───── MATERIAL PROVIDED ─────
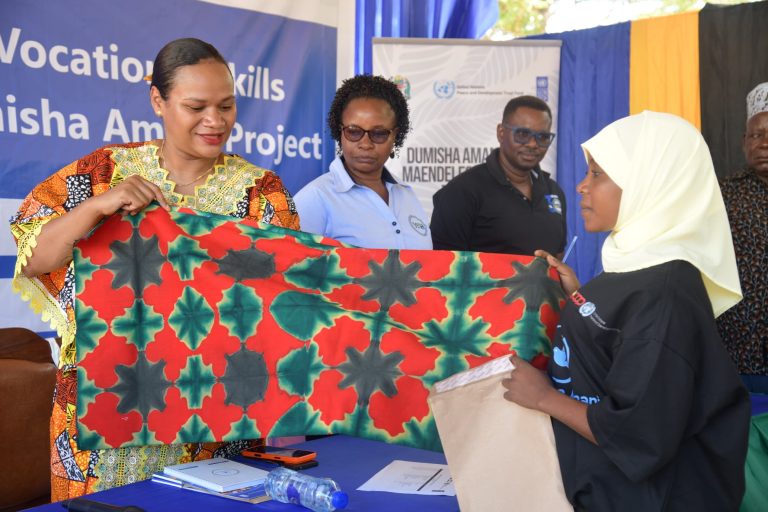 WANUFAIKA WA MRADI WA DUMISHA AMANI WAHAMASISHWA KUANZISHA VIKUNDI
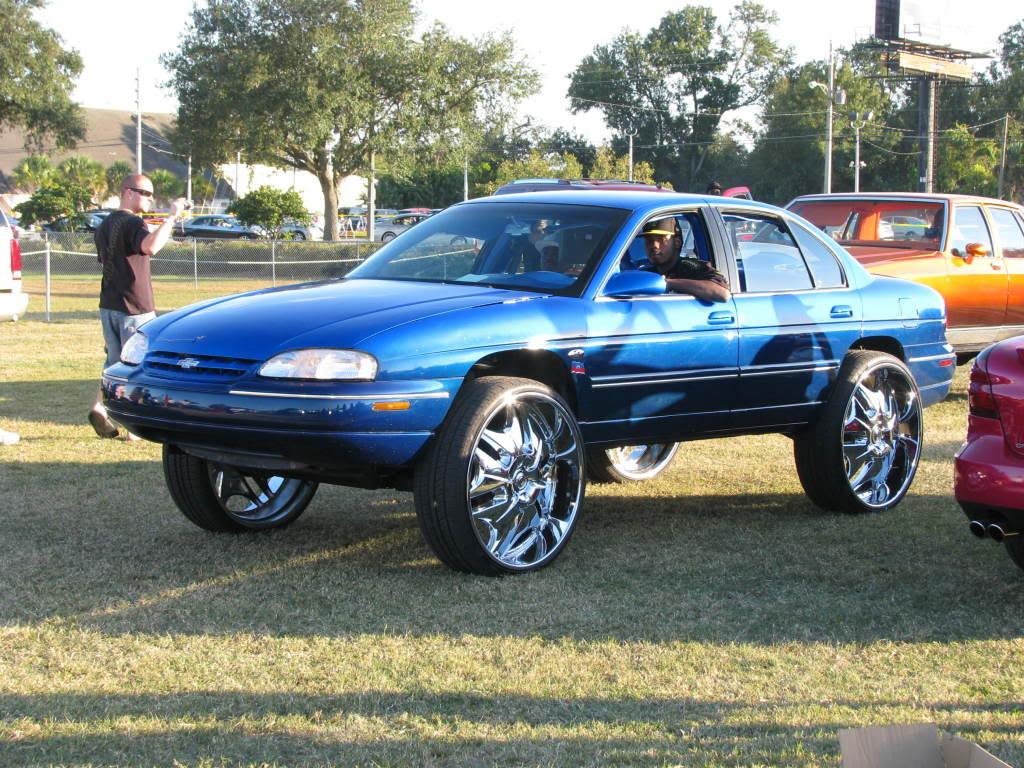 Chevrolet lumina седан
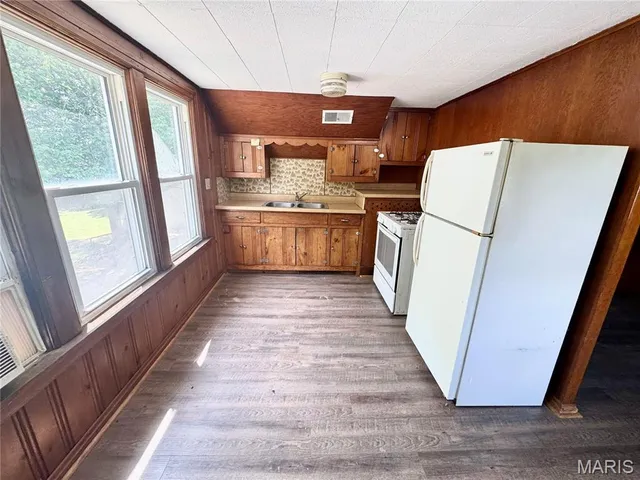 $700 | 637 North 38th Street, Unit 3, Belleville, IL 62226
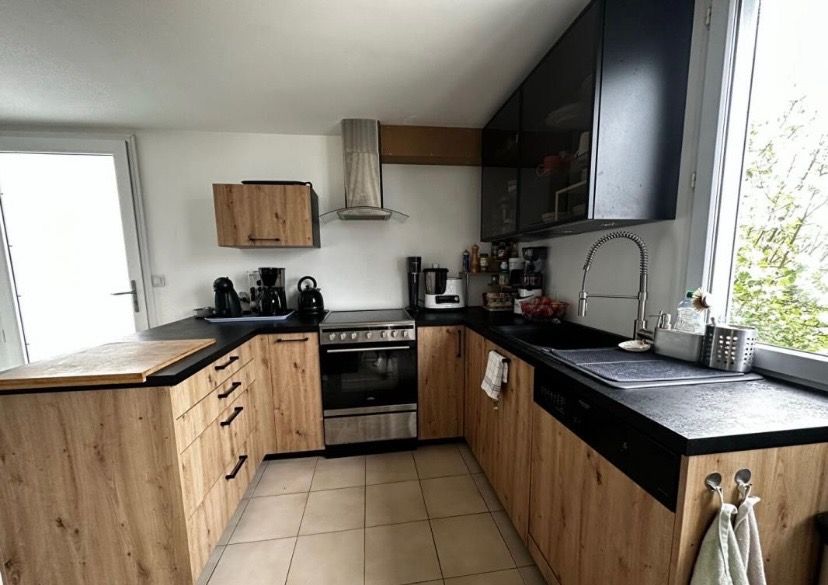 Charmant appartement de 60 m2 en rez-de-jardin (avec terrain de 150 m2 environ) dans un quartier calme sur les hauteurs d'Hennebont (Morbihan) à proximité du centre (500 m). (2 min de Hennebont centre, 10 min de Lanester, 10 min de Caudan, 19 min de Lorie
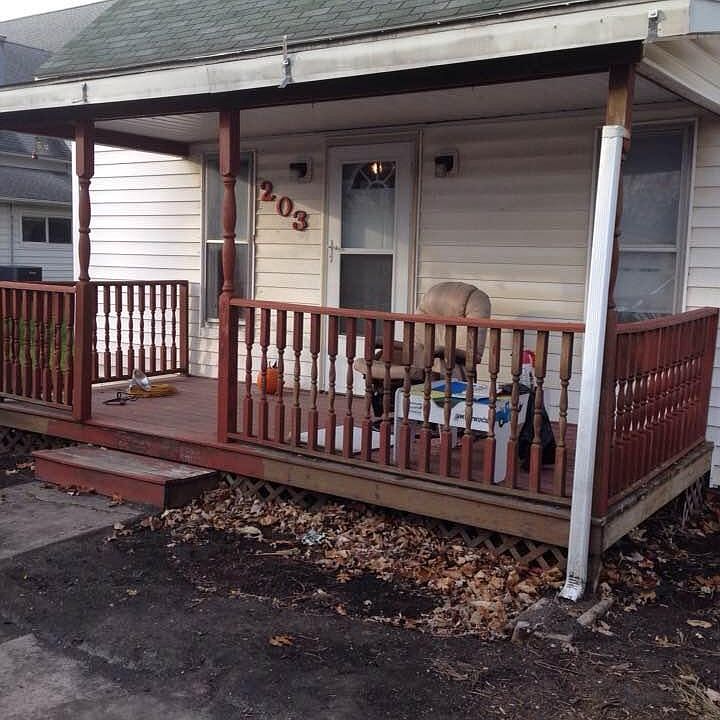 1st image of 203 E Longstreth St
─────
**WORK TASK**
Return the listing unchanged except for the pictures, which should be dropped.

**ANSWER AREA**
 WANUFAIKA WA MRADI WA DUMISHA AMANI WAHAMASISHWA KUANZISHA VIKUNDI
 Chevrolet lumina седан
 $700 | 637 North 38th Street, Unit 3, Belleville, IL 62226
 Charmant appartement de 60 m2 en rez-de-jardin (avec terrain de 150 m2 environ) dans un quartier calme sur les hauteurs d'Hennebont (Morbihan) à proximité du centre (500 m). (2 min de Hennebont centre, 10 min de Lanester, 10 min de Caudan, 19 min de Lorie
 1st image of 203 E Longstreth St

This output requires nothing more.